Previous projects
AnnoMarket, Cloud-based Text Annotation Marketplace
A two-year European project funded by the European Commission through the Seventh Research Framework Program (FP7-SME) and under Project No 296322. The project started in June 2012.
AnnoMarket aims to revolutionize the text annotation market, by delivering an affordable, open marketplace for pay-as-you-go, cloud-based extraction resources and services, in multiple languages.
Project website…Our contribution:
- Large scale web crawls and focus web crawls.
- Providing multi-lingual web corpora resources.
DOPA, Data Supply Chains for Pools, Services and Analytics in Economics and Finance
A two-year European project funded by the European Commission through the Seventh Research Framework Program (FP7-SME) and under Project No 296448. The project started in May 2012.
DOPA achieves breakthroughs in large scale, high-quality information sourcing and processing on a distributed platform: it helps bring together related data from disparate sources thanks to automated entity linkage while making sens of this wealth of data through visualization tools.
Project website… Our contribution:
- Creating large-scale multilingual time series of economic and financial information from the Web and online social networks.
- Strictly respecting legal framework, Intellectual Property and Privacy rights.
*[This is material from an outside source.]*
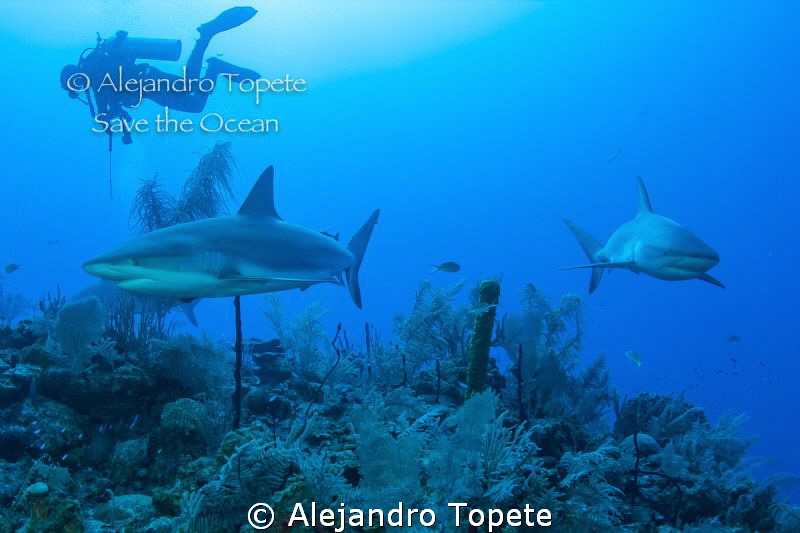 Shark's with Diver, Gardens of the Queen Cuba by Alejandro Topete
- Selecting active sources (RSS feeds, news, forums, blogs,...) that focus on various aspects relevant in this domain (E-Reputation, customers opinion, stock trading, company news etc.)
- Achieving large-scale coverage without forgoing the quality of the data.
TrendMiner, Large-scale, Cross-lingual Trend Mining and Summarization of Real-time Media Streams
A three-year European project funded by the European Commission through the Seventh Research Framework Program (FP7-ICT) and under Project No 287863. The project started in November 2011.
The goal of this project is to deliver innovative, portable open-source real-time methods for cross-lingual mining and summarization of large-scale stream media. This is achieved through an inter-disciplinary approach, combining deep linguistic methods from text processing, knowledge-based reasoning from web science, machine learning, economics, and political science. Scalability and affordability will be addressed through a cloud-based infrastructure for real-time text mining from stream media.
Project website…Our contribution:
- Providing a scalable infrastructure to partners, with support for integration and experiment.
- Designing and developing an application-aware crawler mechanism for social media.